Would you repeat word for word the lines of the listing that follows, from the one with "Costum Indian Copii" up to and including the one with "BLACKOUT MONEY DRIPS>SPRAYGROUND Outlet", and leave out the images?

■ LISTED ENTRIES:
━━━━━━

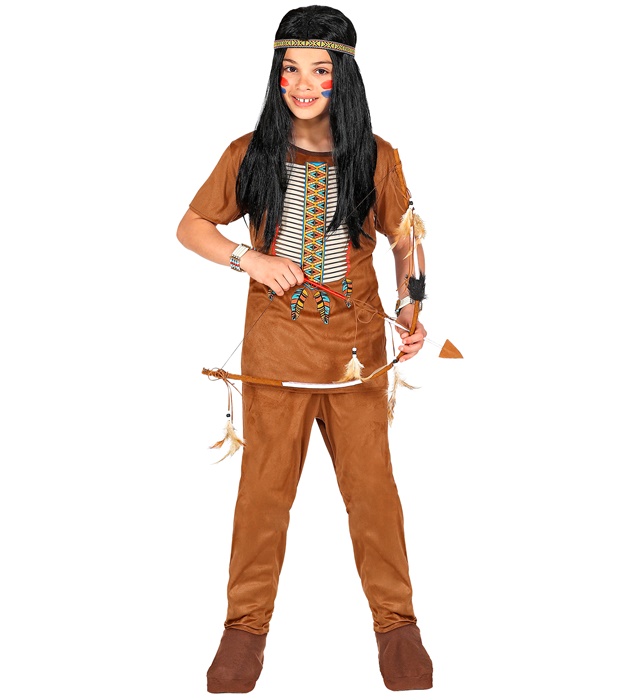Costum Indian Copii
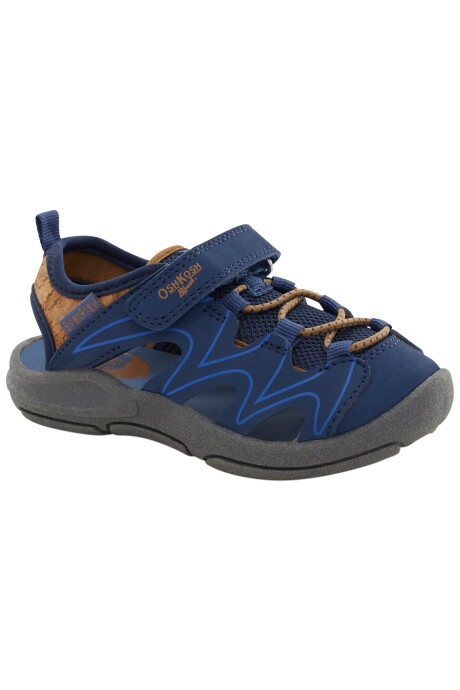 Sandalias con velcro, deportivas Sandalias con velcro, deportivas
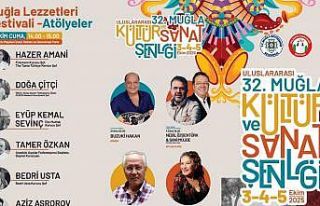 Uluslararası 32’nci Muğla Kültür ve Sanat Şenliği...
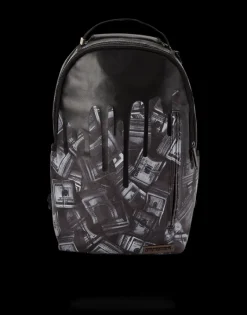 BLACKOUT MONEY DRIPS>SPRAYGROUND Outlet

━━━━━━

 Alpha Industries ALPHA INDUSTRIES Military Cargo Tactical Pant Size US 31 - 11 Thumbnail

━━━━━━

■ PROBLEM SOLUTION:
Costum Indian Copii
 Sandalias con velcro, deportivas Sandalias con velcro, deportivas
 Uluslararası 32’nci Muğla Kültür ve Sanat Şenliği...
 BLACKOUT MONEY DRIPS>SPRAYGROUND Outlet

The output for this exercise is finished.